THE DATA:
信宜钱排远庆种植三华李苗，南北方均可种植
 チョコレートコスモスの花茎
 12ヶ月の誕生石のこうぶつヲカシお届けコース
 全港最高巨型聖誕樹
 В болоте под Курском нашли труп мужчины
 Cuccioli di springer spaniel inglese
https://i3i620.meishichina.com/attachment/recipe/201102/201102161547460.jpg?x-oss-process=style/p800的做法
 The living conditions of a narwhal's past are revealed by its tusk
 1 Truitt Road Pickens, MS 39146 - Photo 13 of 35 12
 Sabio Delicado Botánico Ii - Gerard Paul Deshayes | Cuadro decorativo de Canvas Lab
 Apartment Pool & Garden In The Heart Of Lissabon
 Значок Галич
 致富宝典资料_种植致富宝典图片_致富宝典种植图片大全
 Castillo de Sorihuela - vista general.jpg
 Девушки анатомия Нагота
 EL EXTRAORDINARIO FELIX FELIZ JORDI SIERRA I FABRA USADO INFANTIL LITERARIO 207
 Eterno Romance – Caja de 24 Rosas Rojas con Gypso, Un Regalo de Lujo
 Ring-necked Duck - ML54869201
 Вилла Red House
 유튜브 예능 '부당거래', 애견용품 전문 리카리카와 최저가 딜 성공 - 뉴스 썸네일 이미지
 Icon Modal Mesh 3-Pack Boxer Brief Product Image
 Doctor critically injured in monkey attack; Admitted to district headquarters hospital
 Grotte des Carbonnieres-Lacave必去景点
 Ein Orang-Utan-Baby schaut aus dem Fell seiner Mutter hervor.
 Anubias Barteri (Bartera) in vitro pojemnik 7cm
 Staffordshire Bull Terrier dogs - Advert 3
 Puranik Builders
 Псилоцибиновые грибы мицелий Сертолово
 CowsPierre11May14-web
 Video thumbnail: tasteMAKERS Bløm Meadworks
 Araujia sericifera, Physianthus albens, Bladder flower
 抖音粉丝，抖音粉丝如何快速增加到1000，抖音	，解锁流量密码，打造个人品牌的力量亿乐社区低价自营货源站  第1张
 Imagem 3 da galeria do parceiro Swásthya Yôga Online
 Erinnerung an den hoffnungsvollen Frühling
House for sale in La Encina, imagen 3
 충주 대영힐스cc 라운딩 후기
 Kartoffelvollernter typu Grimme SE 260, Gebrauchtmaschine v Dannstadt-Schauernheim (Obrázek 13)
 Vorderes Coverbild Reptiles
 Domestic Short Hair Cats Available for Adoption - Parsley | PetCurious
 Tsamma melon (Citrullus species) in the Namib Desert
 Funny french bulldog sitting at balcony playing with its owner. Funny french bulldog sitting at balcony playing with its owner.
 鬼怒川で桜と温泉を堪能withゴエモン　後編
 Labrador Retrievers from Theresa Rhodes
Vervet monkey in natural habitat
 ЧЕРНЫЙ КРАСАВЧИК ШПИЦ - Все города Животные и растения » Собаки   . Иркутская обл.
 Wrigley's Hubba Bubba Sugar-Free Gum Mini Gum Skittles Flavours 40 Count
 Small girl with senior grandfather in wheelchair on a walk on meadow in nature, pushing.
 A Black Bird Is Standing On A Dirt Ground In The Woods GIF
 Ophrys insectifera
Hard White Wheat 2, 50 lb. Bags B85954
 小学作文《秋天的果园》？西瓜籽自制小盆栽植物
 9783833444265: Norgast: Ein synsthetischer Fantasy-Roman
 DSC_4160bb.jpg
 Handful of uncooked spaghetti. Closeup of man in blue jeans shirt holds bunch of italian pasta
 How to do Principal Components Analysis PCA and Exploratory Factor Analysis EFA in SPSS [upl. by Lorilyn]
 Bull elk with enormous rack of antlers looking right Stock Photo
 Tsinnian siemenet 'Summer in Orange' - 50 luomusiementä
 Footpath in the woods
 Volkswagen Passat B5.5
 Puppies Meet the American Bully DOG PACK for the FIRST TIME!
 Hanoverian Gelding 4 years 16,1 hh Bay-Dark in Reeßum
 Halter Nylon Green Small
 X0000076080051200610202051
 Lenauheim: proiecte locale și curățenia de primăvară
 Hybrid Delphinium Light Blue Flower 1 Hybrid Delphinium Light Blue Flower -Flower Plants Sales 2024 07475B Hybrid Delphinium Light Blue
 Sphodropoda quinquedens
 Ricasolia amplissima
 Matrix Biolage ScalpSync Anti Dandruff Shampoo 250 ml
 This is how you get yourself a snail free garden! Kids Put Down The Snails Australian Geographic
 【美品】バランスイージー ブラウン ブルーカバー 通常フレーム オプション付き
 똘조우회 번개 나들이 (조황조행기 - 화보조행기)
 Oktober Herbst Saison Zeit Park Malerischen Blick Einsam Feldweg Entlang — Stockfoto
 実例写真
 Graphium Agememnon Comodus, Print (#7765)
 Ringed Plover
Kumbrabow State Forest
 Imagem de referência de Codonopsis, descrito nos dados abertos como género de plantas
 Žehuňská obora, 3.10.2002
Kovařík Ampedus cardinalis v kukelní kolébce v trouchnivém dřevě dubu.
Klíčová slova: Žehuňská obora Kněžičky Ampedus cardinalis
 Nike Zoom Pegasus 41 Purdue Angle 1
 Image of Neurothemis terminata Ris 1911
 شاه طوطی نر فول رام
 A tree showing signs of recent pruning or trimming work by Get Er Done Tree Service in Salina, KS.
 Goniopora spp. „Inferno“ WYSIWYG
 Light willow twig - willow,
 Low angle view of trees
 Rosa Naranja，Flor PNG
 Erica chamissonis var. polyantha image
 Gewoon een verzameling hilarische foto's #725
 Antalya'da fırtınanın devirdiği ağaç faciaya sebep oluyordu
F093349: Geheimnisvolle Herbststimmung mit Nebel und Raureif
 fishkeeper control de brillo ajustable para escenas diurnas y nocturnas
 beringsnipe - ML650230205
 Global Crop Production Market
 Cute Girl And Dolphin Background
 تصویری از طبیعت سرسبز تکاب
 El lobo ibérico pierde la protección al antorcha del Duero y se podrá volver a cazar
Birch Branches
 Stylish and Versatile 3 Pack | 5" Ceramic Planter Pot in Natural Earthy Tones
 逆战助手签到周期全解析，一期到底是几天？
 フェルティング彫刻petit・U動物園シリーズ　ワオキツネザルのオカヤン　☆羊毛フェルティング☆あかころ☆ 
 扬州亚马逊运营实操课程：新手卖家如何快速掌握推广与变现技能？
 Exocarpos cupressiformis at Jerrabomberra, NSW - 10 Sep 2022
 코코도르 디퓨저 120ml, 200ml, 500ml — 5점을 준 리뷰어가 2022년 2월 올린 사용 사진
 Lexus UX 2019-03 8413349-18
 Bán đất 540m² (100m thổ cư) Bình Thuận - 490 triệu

REQUIRED ACTION:
Top to bottom, set down the entries above word for word.

THE COMPLETED TASK:
信宜钱排远庆种植三华李苗，南北方均可种植
 チョコレートコスモスの花茎
 12ヶ月の誕生石のこうぶつヲカシお届けコース
 全港最高巨型聖誕樹
 В болоте под Курском нашли труп мужчины
 Cuccioli di springer spaniel inglese
https://i3i620.meishichina.com/attachment/recipe/201102/201102161547460.jpg?x-oss-process=style/p800的做法
 The living conditions of a narwhal's past are revealed by its tusk
 1 Truitt Road Pickens, MS 39146 - Photo 13 of 35 12
 Sabio Delicado Botánico Ii - Gerard Paul Deshayes | Cuadro decorativo de Canvas Lab
 Apartment Pool & Garden In The Heart Of Lissabon
 Значок Галич
 致富宝典资料_种植致富宝典图片_致富宝典种植图片大全
 Castillo de Sorihuela - vista general.jpg
 Девушки анатомия Нагота
 EL EXTRAORDINARIO FELIX FELIZ JORDI SIERRA I FABRA USADO INFANTIL LITERARIO 207
 Eterno Romance – Caja de 24 Rosas Rojas con Gypso, Un Regalo de Lujo
 Ring-necked Duck - ML54869201
 Вилла Red House
 유튜브 예능 '부당거래', 애견용품 전문 리카리카와 최저가 딜 성공 - 뉴스 썸네일 이미지
 Icon Modal Mesh 3-Pack Boxer Brief Product Image
 Doctor critically injured in monkey attack; Admitted to district headquarters hospital
 Grotte des Carbonnieres-Lacave必去景点
 Ein Orang-Utan-Baby schaut aus dem Fell seiner Mutter hervor.
 Anubias Barteri (Bartera) in vitro pojemnik 7cm
 Staffordshire Bull Terrier dogs - Advert 3
 Puranik Builders
 Псилоцибиновые грибы мицелий Сертолово
 CowsPierre11May14-web
 Video thumbnail: tasteMAKERS Bløm Meadworks
 Araujia sericifera, Physianthus albens, Bladder flower
 抖音粉丝，抖音粉丝如何快速增加到1000，抖音	，解锁流量密码，打造个人品牌的力量亿乐社区低价自营货源站  第1张
 Imagem 3 da galeria do parceiro Swásthya Yôga Online
 Erinnerung an den hoffnungsvollen Frühling
House for sale in La Encina, imagen 3
 충주 대영힐스cc 라운딩 후기
 Kartoffelvollernter typu Grimme SE 260, Gebrauchtmaschine v Dannstadt-Schauernheim (Obrázek 13)
 Vorderes Coverbild Reptiles
 Domestic Short Hair Cats Available for Adoption - Parsley | PetCurious
 Tsamma melon (Citrullus species) in the Namib Desert
 Funny french bulldog sitting at balcony playing with its owner. Funny french bulldog sitting at balcony playing with its owner.
 鬼怒川で桜と温泉を堪能withゴエモン　後編
 Labrador Retrievers from Theresa Rhodes
Vervet monkey in natural habitat
 ЧЕРНЫЙ КРАСАВЧИК ШПИЦ - Все города Животные и растения » Собаки   . Иркутская обл.
 Wrigley's Hubba Bubba Sugar-Free Gum Mini Gum Skittles Flavours 40 Count
 Small girl with senior grandfather in wheelchair on a walk on meadow in nature, pushing.
 A Black Bird Is Standing On A Dirt Ground In The Woods GIF
 Ophrys insectifera
Hard White Wheat 2, 50 lb. Bags B85954
 小学作文《秋天的果园》？西瓜籽自制小盆栽植物
 9783833444265: Norgast: Ein synsthetischer Fantasy-Roman
 DSC_4160bb.jpg
 Handful of uncooked spaghetti. Closeup of man in blue jeans shirt holds bunch of italian pasta
 How to do Principal Components Analysis PCA and Exploratory Factor Analysis EFA in SPSS [upl. by Lorilyn]
 Bull elk with enormous rack of antlers looking right Stock Photo
 Tsinnian siemenet 'Summer in Orange' - 50 luomusiementä
 Footpath in the woods
 Volkswagen Passat B5.5
 Puppies Meet the American Bully DOG PACK for the FIRST TIME!
 Hanoverian Gelding 4 years 16,1 hh Bay-Dark in Reeßum
 Halter Nylon Green Small
 X0000076080051200610202051
 Lenauheim: proiecte locale și curățenia de primăvară
 Hybrid Delphinium Light Blue Flower 1 Hybrid Delphinium Light Blue Flower -Flower Plants Sales 2024 07475B Hybrid Delphinium Light Blue
 Sphodropoda quinquedens
 Ricasolia amplissima
 Matrix Biolage ScalpSync Anti Dandruff Shampoo 250 ml
 This is how you get yourself a snail free garden! Kids Put Down The Snails Australian Geographic
 【美品】バランスイージー ブラウン ブルーカバー 通常フレーム オプション付き
 똘조우회 번개 나들이 (조황조행기 - 화보조행기)
 Oktober Herbst Saison Zeit Park Malerischen Blick Einsam Feldweg Entlang — Stockfoto
 実例写真
 Graphium Agememnon Comodus, Print (#7765)
 Ringed Plover
Kumbrabow State Forest
 Imagem de referência de Codonopsis, descrito nos dados abertos como género de plantas
 Žehuňská obora, 3.10.2002
Kovařík Ampedus cardinalis v kukelní kolébce v trouchnivém dřevě dubu.
Klíčová slova: Žehuňská obora Kněžičky Ampedus cardinalis
 Nike Zoom Pegasus 41 Purdue Angle 1
 Image of Neurothemis terminata Ris 1911
 شاه طوطی نر فول رام
 A tree showing signs of recent pruning or trimming work by Get Er Done Tree Service in Salina, KS.
 Goniopora spp. „Inferno“ WYSIWYG
 Light willow twig - willow,
 Low angle view of trees
 Rosa Naranja，Flor PNG
 Erica chamissonis var. polyantha image
 Gewoon een verzameling hilarische foto's #725
 Antalya'da fırtınanın devirdiği ağaç faciaya sebep oluyordu
F093349: Geheimnisvolle Herbststimmung mit Nebel und Raureif
 fishkeeper control de brillo ajustable para escenas diurnas y nocturnas
 beringsnipe - ML650230205
 Global Crop Production Market
 Cute Girl And Dolphin Background
 تصویری از طبیعت سرسبز تکاب
 El lobo ibérico pierde la protección al antorcha del Duero y se podrá volver a cazar
Birch Branches
 Stylish and Versatile 3 Pack | 5" Ceramic Planter Pot in Natural Earthy Tones
 逆战助手签到周期全解析，一期到底是几天？
 フェルティング彫刻petit・U動物園シリーズ　ワオキツネザルのオカヤン　☆羊毛フェルティング☆あかころ☆ 
 扬州亚马逊运营实操课程：新手卖家如何快速掌握推广与变现技能？
 Exocarpos cupressiformis at Jerrabomberra, NSW - 10 Sep 2022
 코코도르 디퓨저 120ml, 200ml, 500ml — 5점을 준 리뷰어가 2022년 2월 올린 사용 사진
 Lexus UX 2019-03 8413349-18
 Bán đất 540m² (100m thổ cư) Bình Thuận - 490 triệu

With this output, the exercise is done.